Oh, also, how about running tcpdump while you try to ping the machine from
the Internet?

Please don't edit the results as you may be editing out some key
information!

Simon

 
 
 

Cannot access Red Hat 7.2 from the Internet

Post by Brian » Sat, 09 Feb 2002 05:34:43



> I am running a web server (Apache, of course) and FTP server on a
> Linux 7.2 box from a DMZ line on a Sonicwall through a Cisco router.
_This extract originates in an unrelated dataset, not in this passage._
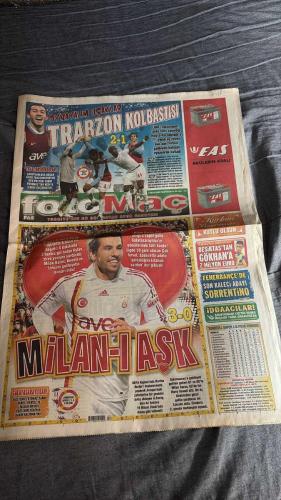 PAS FOTOMAÇ -FUTBOL GAZETESİ -TURKISH NEWSPAPER - DOĞUM GÜNÜ HEDİYESİ  - TAM TAKIM EKSİKSİZ GAZETE -  8 ARALIK -2008 - OYNAYALIM UŞAKLAR TRABZON KOLBASTISI - FATİHİ SARAY BAŞKENTTE A.GÜCÜ DAĞITTI - ŞAMPİYONLUĞA KOŞAN LİDER TRABZONSPOR'UN DEV POSTERİ - KUSURSUZ FIRTINA - D.D İSTİFA - İNÖNÜ DÜŞTÜ - DESTEK ZAMANI - BEŞİKTAŞ SİVOK'TAN ÇEKTİĞİNİ ANKARA'DAN ÇEKMEDİ - ZİNCİRLEME KAZA - AKERİDE FIRTINA KOPACAK - YÖNETİM İSTİFA - KÖRFEZİ BANA BIRAKIN - SERİYİ BOZMADI - KARTALLAR YENİŞEMEDİ - G.BİRLİĞİ NEFESLENDİ - HEYKELİ DİKERİZ - SİVAS ÇOK DEĞİŞTİ - EMRE KOMUTANIM - ÇİFT FORVET ZAMANIDIR - AVRUPA'NIN KRALI - TAM KALBİNE - GALATASARAYLILAR SAKIN KAÇIRMAYIN   - TRABZONSPORLULAR - MİLAN BAROS - KEWELL - LINCOLN - GÖKHAN - RÜŞTÜ - ZAPOTOCNY - SİVOK - NECA - BİLAL - İBRAHİM ÜZÜLMES - MUSTAFA DENİZLİ - DELGADO - İBRAHİM TORAMAN - NECİP - UĞUR İNCEMAN - TELLO - BOBO - GÖKHAN ZAN - SERDAR ÖZKAN - ALEN MARKARYAN - YILDIRIM DEMİRÖREN - AYHAN - SABRİ - SERVET - DE SANCTIS - HASAN ŞAŞ - ÜMİT KARAN -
> The problem is, I cannot reach the box from outside of my building.  
> The entire network inside my building can see the HTTP site and FTP
> just fine while *inside* my building by IP and by my remote DNS
> Server.

> I cannot ping the ip (request timed out), cannot connect through FTP,
> cannot connect thought HTTP, cannot connect though another port while
> *outside* the building.

> The Linux box has two network cards one that goes to the DMZ and the
> other is on the internal network.  The IP address that is assigned to
> the DMZ line is a resolvable public address.  I have assigned the eth0
> (the dmz line) as non-dhcp and assigned it the proper, IP, Subnet
> Mask, and Default Gateway Address.

> I have turned off ipchains and reset iptables to the default ACCEPT
> policy.

> I really wanted to blame the Sonicwall and the router. The reason I
> think the problem lies within Linux is because I have Apache running
> on my windows box and I connected the DMZ line up to it.  I set all
> the correct information (ip, subnet, default gateway) and IT WORKED!
> It even worked for a few days.

> I have checked  /etc/host.allow and /etc/host.deny and the files are
> empty.

> I have also ran tcpdump and had someone try to get to the http site.
> I can see the requests coming in on tcpdump, but they cannot see the
> server.

> I have searched the groups for many days and found very little that
> relates to my experience or situation.  If anyone out there can help
> it would be very appreciated.

> brett

Brett,
I would check your "rules" setup in the sonicwall firewall.  By
default, from the LAN you should be able to get to the DMZ and the
Internet with no problems, but from the WAN, you may not be allowing
FTP, Telnet, Ping, etc from the outside world.


Brian W.

 
 
 

Cannot access Red Hat 7.2 from the Internet

Post by Bret » Thu, 14 Feb 2002 04:00:08




> someone has mentioned that the outgoing
> > packets could be misdirected to the other network card.  I have set up
> > a rule in the ipchains that the Srcdev is Eth0 and the DstDev is Eth0.
> > Are there any changes that i am missing?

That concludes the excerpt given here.